What you have to do: In the entries that follow, the first line to write out is the one containing "Bedroom,部屋干し,部", and the last is the one containing "beau-rivage-salles-curan-aveyron-lz2ta". Reproduce that stretch exactly, with nothing before or after it.

Given information:
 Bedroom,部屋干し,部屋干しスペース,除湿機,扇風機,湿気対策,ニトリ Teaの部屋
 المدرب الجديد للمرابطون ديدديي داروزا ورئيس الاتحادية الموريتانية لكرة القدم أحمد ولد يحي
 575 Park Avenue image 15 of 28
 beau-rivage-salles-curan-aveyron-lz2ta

==

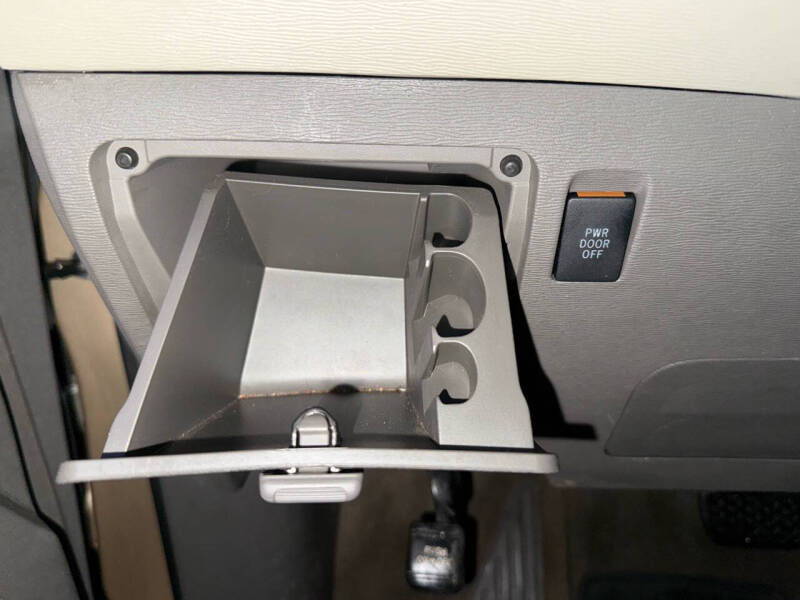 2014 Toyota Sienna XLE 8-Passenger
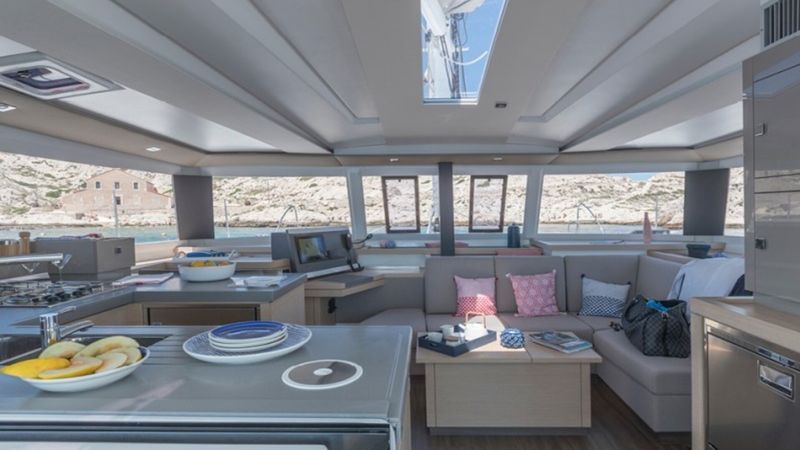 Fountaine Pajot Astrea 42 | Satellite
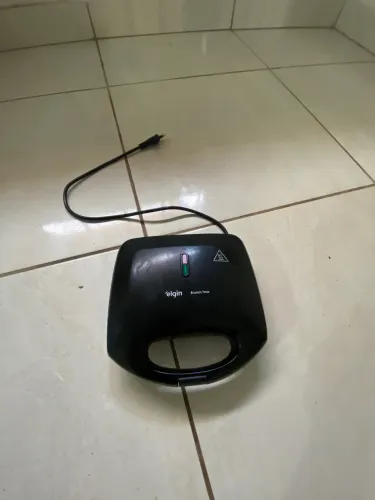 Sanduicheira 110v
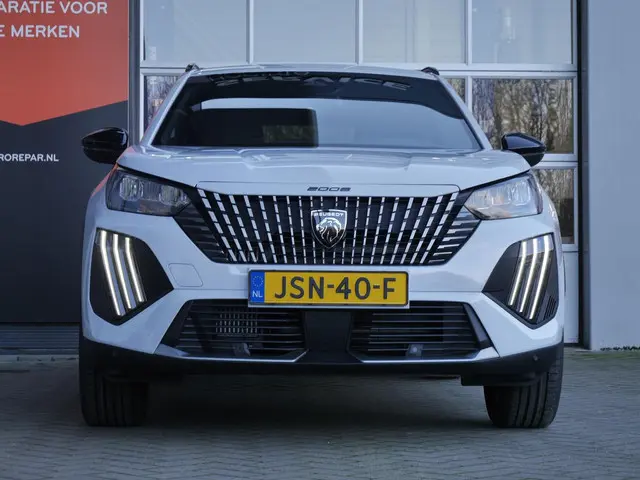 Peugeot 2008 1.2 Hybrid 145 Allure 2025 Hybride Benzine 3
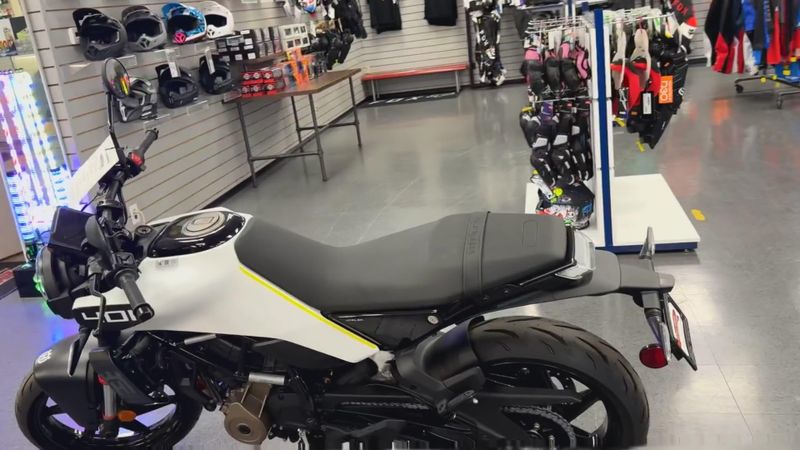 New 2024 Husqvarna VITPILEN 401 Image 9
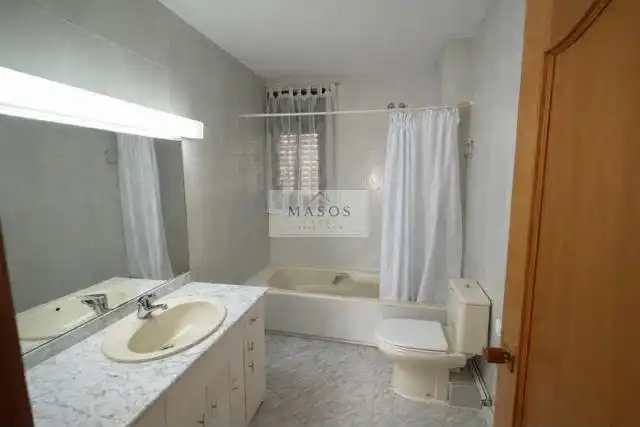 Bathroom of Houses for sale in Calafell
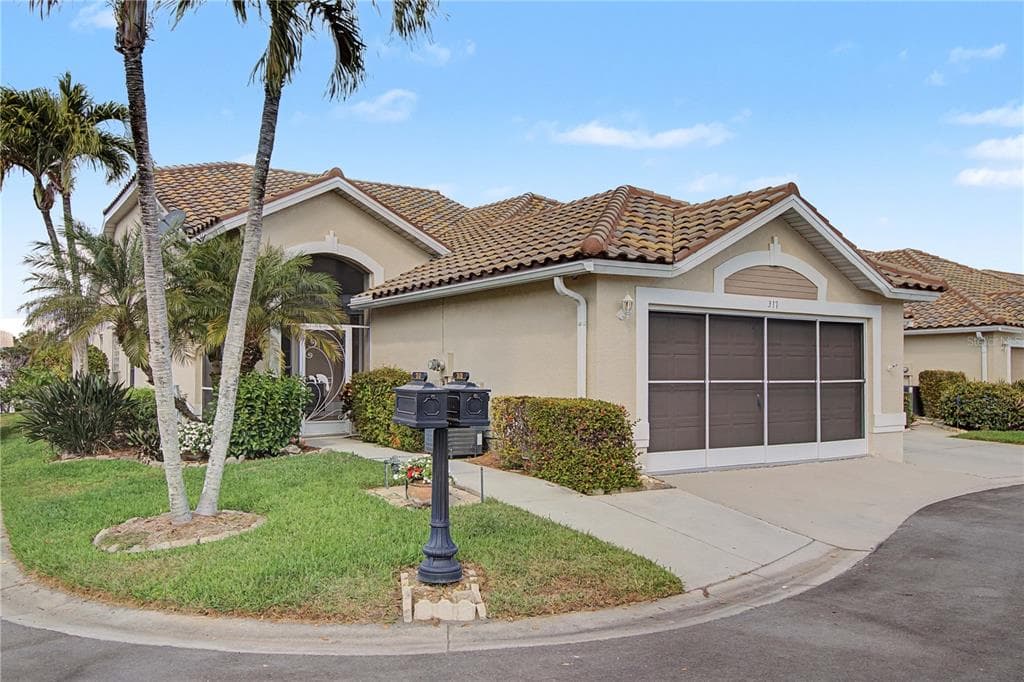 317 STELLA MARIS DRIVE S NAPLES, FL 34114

...

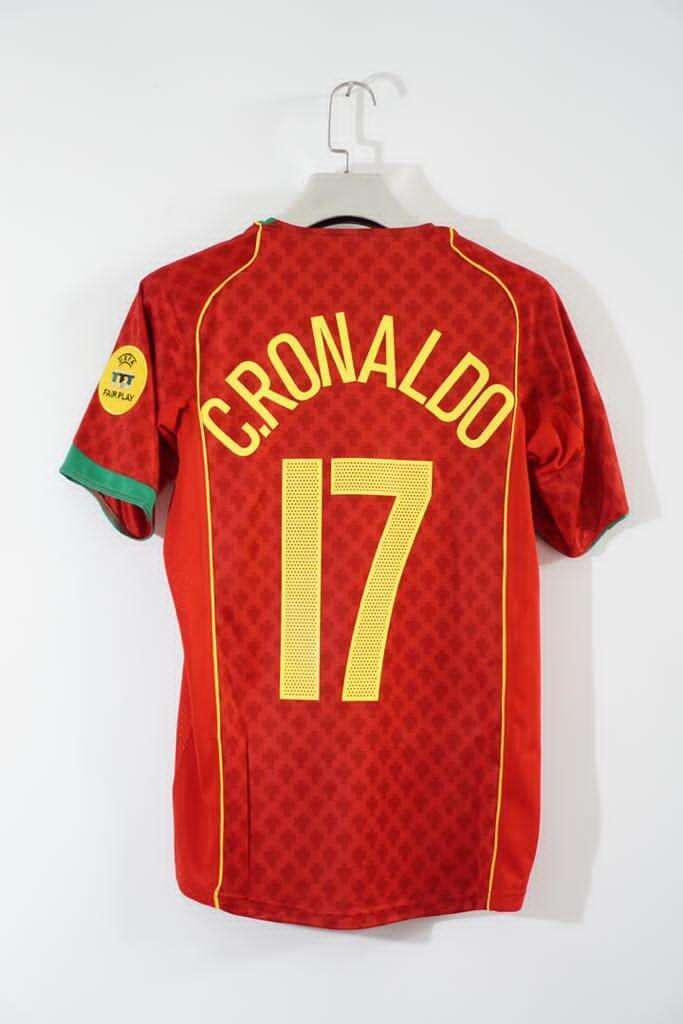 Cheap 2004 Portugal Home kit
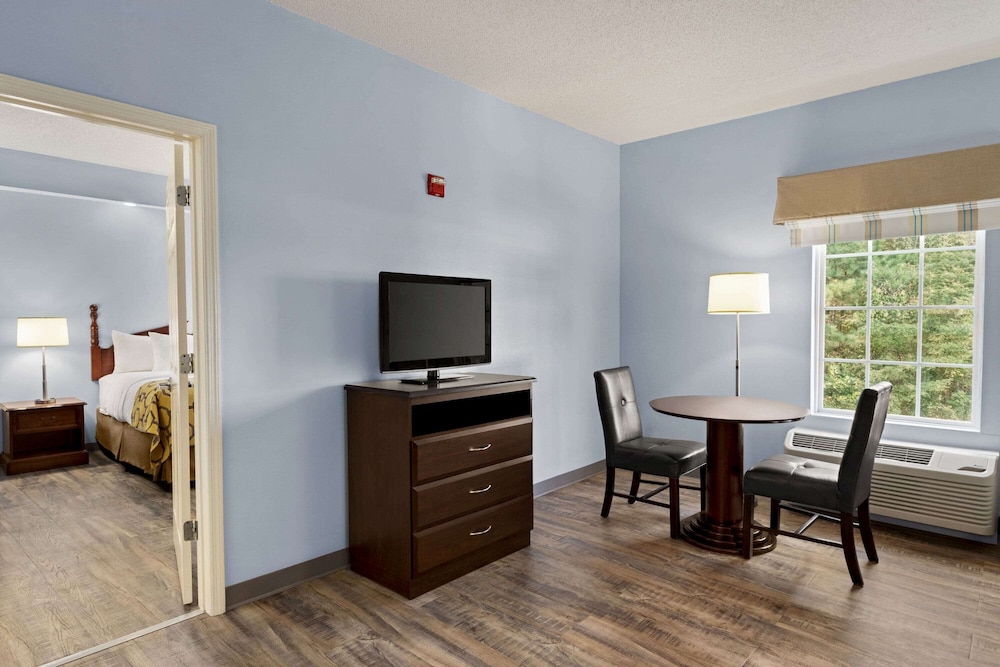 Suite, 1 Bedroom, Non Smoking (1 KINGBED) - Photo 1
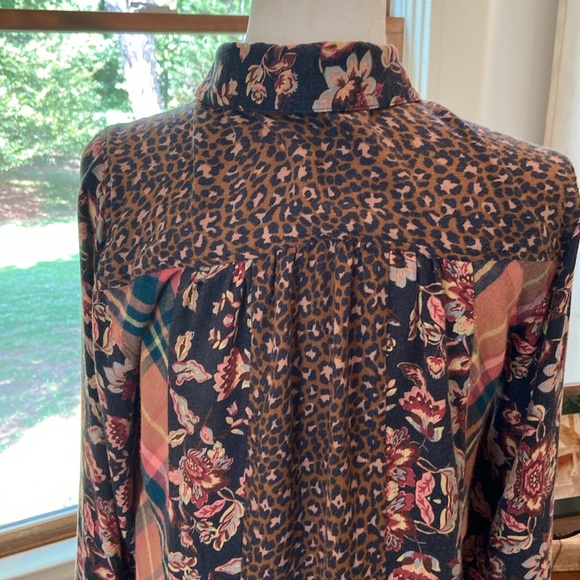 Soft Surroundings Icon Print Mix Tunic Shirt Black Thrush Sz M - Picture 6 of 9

Answer for the task:
 Bedroom,部屋干し,部屋干しスペース,除湿機,扇風機,湿気対策,ニトリ Teaの部屋
 المدرب الجديد للمرابطون ديدديي داروزا ورئيس الاتحادية الموريتانية لكرة القدم أحمد ولد يحي
 575 Park Avenue image 15 of 28
 beau-rivage-salles-curan-aveyron-lz2ta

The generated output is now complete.